Monday, August 21, 2006
It's Official - Becks and Posh Are World-Class Assholes
A man who paid 100,000 pounds for the privilege of hanging with soccer-star David Beckham and his varmint of a wife Posh Spice is suing the cloddish couple for snubbing him. The expensive hob-nobbing session, purchased by nightclub owner Dave West at a celebrity auction benefiting the National Society for the Prevention of Cruelty to Children, was to take place at the Beckhams' swanky World Cup party in May, but according to West the Beckhams' staff treated him so rudely that he decided not to attend, and he is now seeking compensation in the form of another 100,000 pound donation by the Beckhams to the NSPCC. The predictable response from the Beckhams' reps: their lawyers are dealing with it.
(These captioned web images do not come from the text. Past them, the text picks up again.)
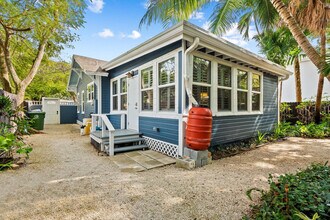 621 SW 14th Terrace in Fort Lauderdale, FL - Building Photo - Building Photo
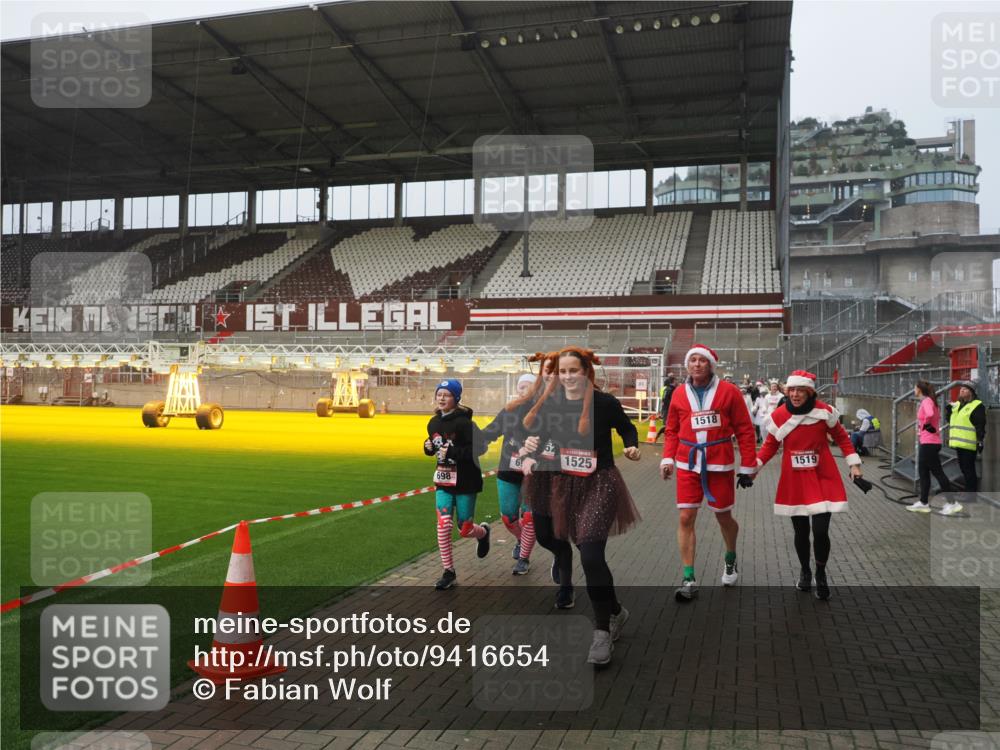 07.12.2025 - St. Pauli X-Mass-Run No. 15 Fabian Wolf http://msf.ph/oto/9416654 07.12.2025 11:11:11 Ziel 48, 411, 660, 667, 669, 697, 698, 777, 787, 788, 812, 815, 817, 832, 841, 909, 1518, 1519, 1557, 1565, 1568, 1619, 1707, 2258, 2742, 4801, 4813 meine-sportfotos.de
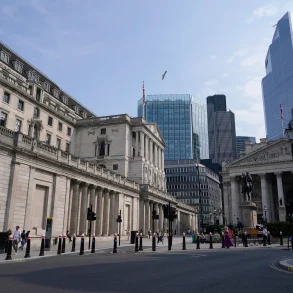 U.K. Inflation Rises to 3.6% as BOE Faces Tough Choice Between Rate Cuts and Price Pressures
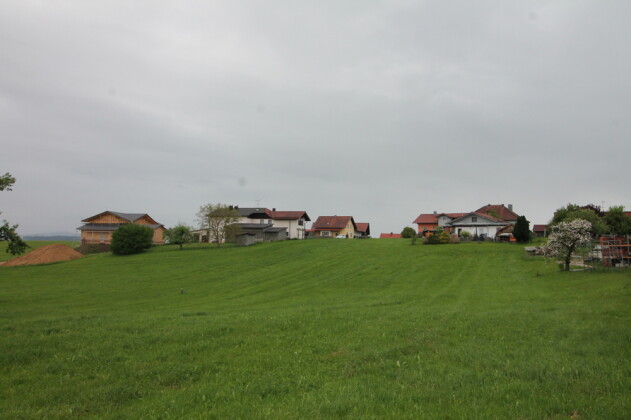 Baugrundstück - Gemeindegebiet Thyrnau: 639 m² Bauland + 3.646 m² Landwirtschaftsfläche in Weilerlage/Fernblick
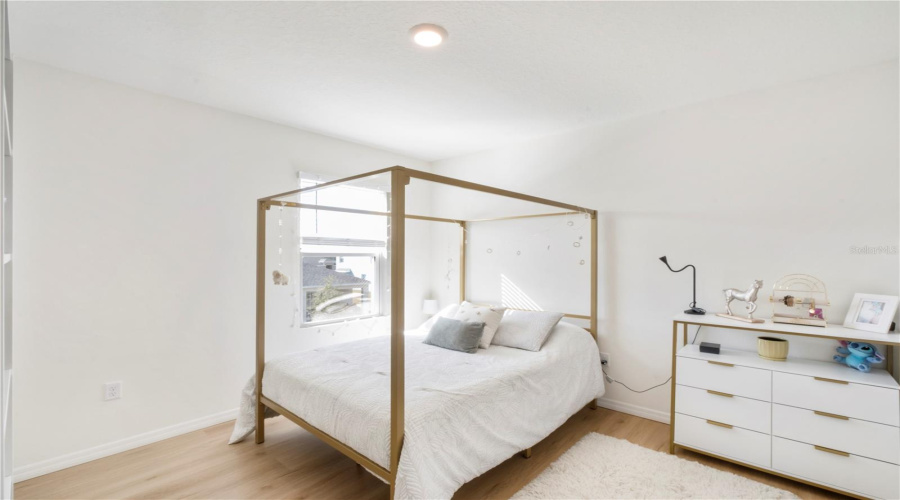 DAVENPORT, Florida 33837, 5 Bedrooms Bedrooms, ,3 BathroomsBathrooms,Residential,For Sale,ANGEL FALLS,0,MFRO6403243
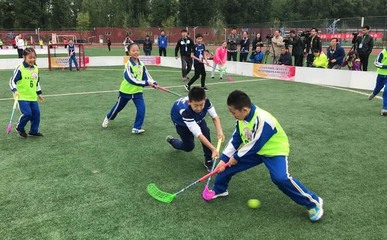 北京首屆旱地冰球校園賽舉行 原來冰球還能這樣玩?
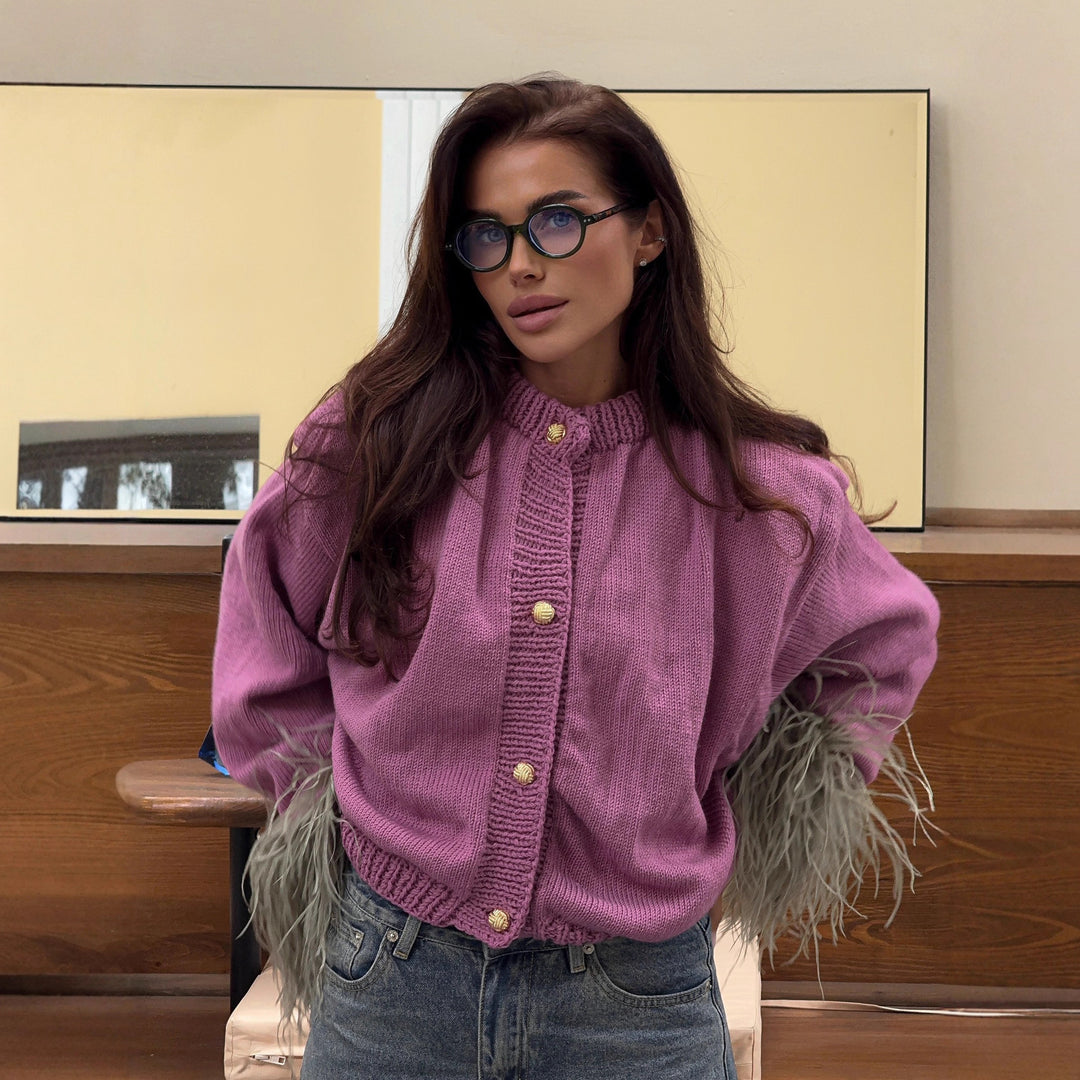 Kvinno cardigan med iögonfallande ärmar och guldfärgad knappar Mirla-Eva Jonsson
I had my own run-in with the Beckhams once. It happened when I was over in England for some kind of Bob Geldof thing, you know, save Africa or one of those other crappy continents (my friend Virgil talked me into it; he said Barbra would be there but of course Barbra wasn't there...well, that's a story for another day). Anyway, I'm hanging out in the lobby of this big smelly hotel when all of a sudden there's this huge whoosh of air, and this really pungent crotchy sort of odor, and everybody looks up and says, "Oh my God. It's Posh and Becks." And here comes this scrawny bitch in a cheap dress with her unnaturally huge titties just hanging out all over the place, and this other outrageously handsome guy with these chiseled features and a body from fricking Olympus, and I'm thinking to myself, "God. What a waste," and all of a sudden I make eye-contact with Becks, and I'm telling you, that man wanted to have me right then and there. And I think Posh could sense it too, cause she gave me this look; I swear, if I were a straight man, it would've turned my 'nads to ice. That is one scary woman.